Step 3: Submit a Spark job

  1. Log on to the AnalyticDB for MySQL console. In the upper-left corner of the console, select a region. In the left-side navigation pane, click Clusters. On the Clusters page, click an edition tab. Find the cluster that you want to manage and click the cluster ID.

  2. In the left-side navigation pane, choose Job Development > Spark JAR Development.

  3. Select a job resource group and the Spark job type.
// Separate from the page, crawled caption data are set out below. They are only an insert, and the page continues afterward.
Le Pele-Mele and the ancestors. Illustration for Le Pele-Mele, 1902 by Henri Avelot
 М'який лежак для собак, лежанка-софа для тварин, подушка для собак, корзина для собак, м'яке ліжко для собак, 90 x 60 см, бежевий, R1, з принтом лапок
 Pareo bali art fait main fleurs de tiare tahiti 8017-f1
In this example, the Batch type is used.

  4. Enter the following code in the code editor based on the application written in Step 2 and click Run Now.

    Scala application

     {
      "name": "CatBoostDemo",
      "file": "oss://testBucketName/original-LightgbmDemo-1.0.jar",
      "jars": "oss://testBucketName/GBDT/GDBTDemo-1.0-SNAPSHOT.jar",
      "ClassName":"com.aliyun.adb.CatBoostDemo",
        "conf": {
            "spark.driver.resourceSpec": "large",
            "spark.executor.instances": 2,
            "spark.executor.resourceSpec": "medium",
            "spark.executor.memoryOverhead": "4096",
            "spark.task.cpus": 2,
            "spark.adb.version": "3.5"
        }

    Python application

     {
      "name": "CatBoostDemo",
      "file": "oss://testBucketName/GBDT/lightgbm_spark_20241227.py",
      "jars": "oss://testBucketName/GBDT/GDBTDemo-1.0-SNAPSHOT.jar",
      "pyFiles": "oss://testBucketName/GBDT/GDBTDemo-1.0-SNAPSHOT.jar",
        "conf": {
            "spark.driver.resourceSpec": "large",
            "spark.executor.instances": 2,
            "spark.executor.resourceSpec": "medium",
            "spark.executor.memoryOverhead": "4096",
            "spark.task.cpus": 2,
            "spark.adb.version": "3.5"
        }
    Note

    The Python application in this topic needs to call the methods contained in the JAR package. In this case, you must add the jars parameter to the Spark JAR job code to specify the OSS path of the Maven dependencies obtained in Step 1.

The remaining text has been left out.